__Activity__. Print exactly the lines that run from the opening line of the material through the line with "Beautiful girl or", and nothing else, leaving out pictures.

<<<<

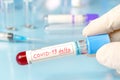 Doctor with a positive blood sample for the new variant detected of the coronavirus strain called covid DELTA. Research of new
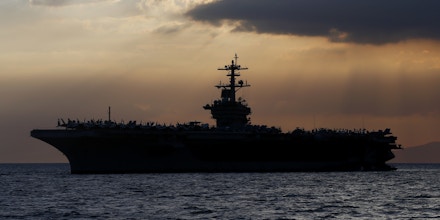 FILE - In this April 13, 2018, file photo the USS Theodore Roosevelt aircraft carrier is anchored off Manila Bay west of Manila, Philippines. The captain of the U.S. Navy aircraft carrier facing a growing outbreak of the coronavirus is asking for permission to isolate the bulk of his roughly 5,000 crew members on shore, which would take the warship out of duty in an effort to save lives. The ship is docked in Guam (AP Photo/Bullit Marquez, File)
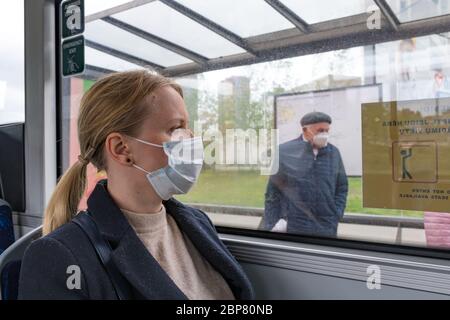 Beautiful girl or woman with mask looking through the window in a bus,  train or metro during Covid or Coronavirus days Stock Photo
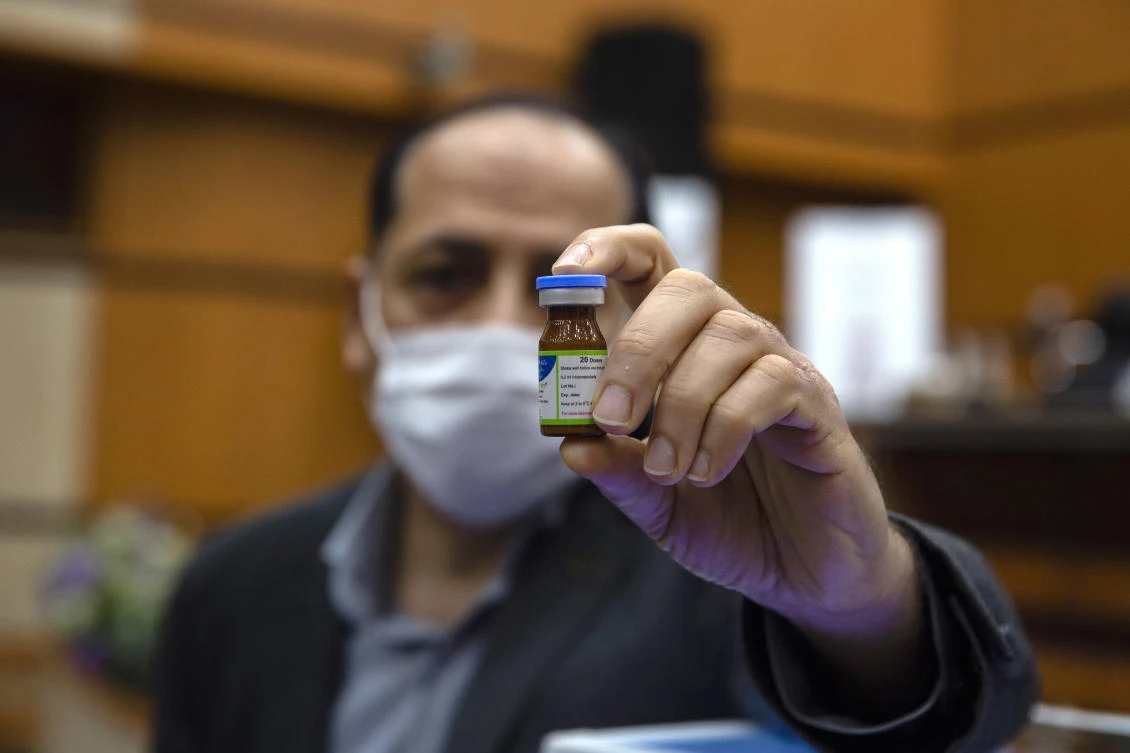 An Iranian official holds a vial of the Iranian-made Razi Cov Pars coronavirus vaccine during an unveiling ceremony at the Razi Vaccine Research Institute on Feb. 8, 2021. (AP)
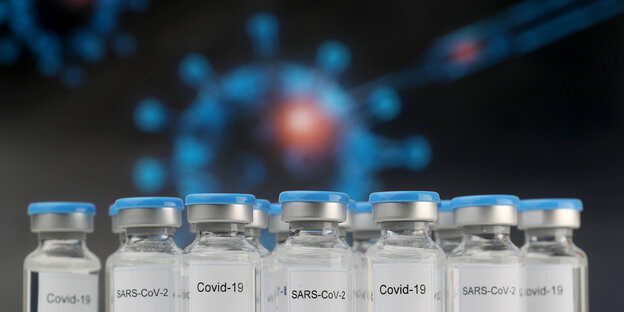 Impf-Fläschchen stehen vor einer blauen Illustration eines Coronavirus und einer Spritze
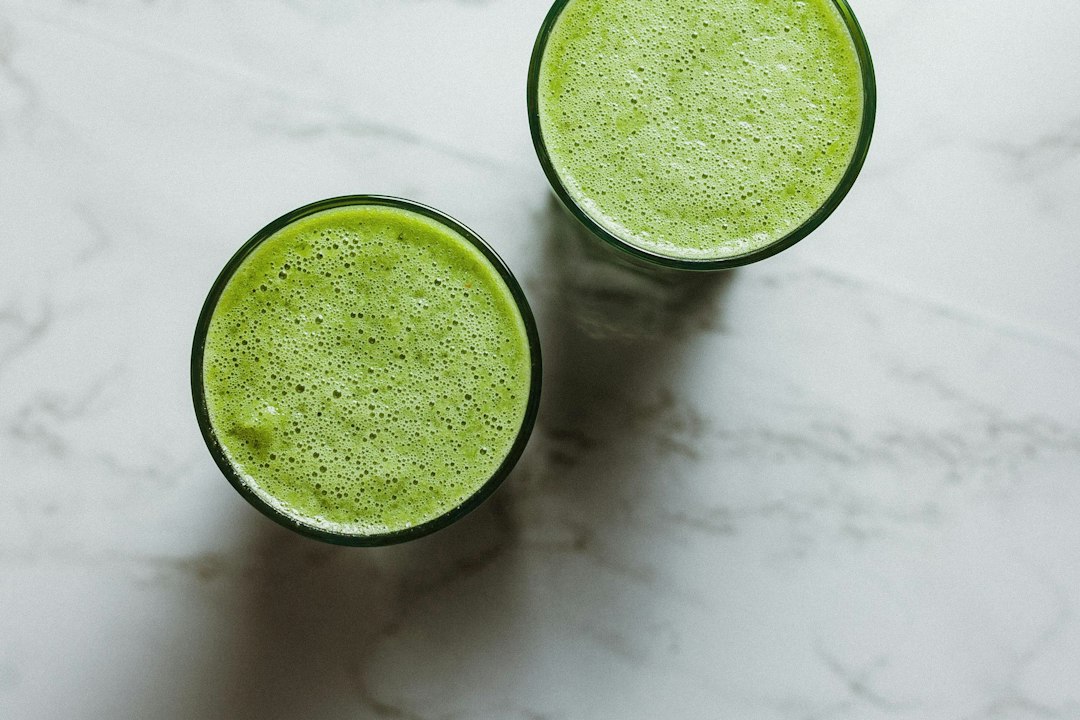 How to Make a Keto Smoothie Without Protein Powder Using Whole Foods 1 A thick avocado and green spinach keto smoothie without protein powder served in a glass garnished with hemp hearts.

>>>>

__Solution to the exercise__.
 Doctor with a positive blood sample for the new variant detected of the coronavirus strain called covid DELTA. Research of new
 FILE - In this April 13, 2018, file photo the USS Theodore Roosevelt aircraft carrier is anchored off Manila Bay west of Manila, Philippines. The captain of the U.S. Navy aircraft carrier facing a growing outbreak of the coronavirus is asking for permission to isolate the bulk of his roughly 5,000 crew members on shore, which would take the warship out of duty in an effort to save lives. The ship is docked in Guam (AP Photo/Bullit Marquez, File)
 Beautiful girl or woman with mask looking through the window in a bus,  train or metro during Covid or Coronavirus days Stock Photo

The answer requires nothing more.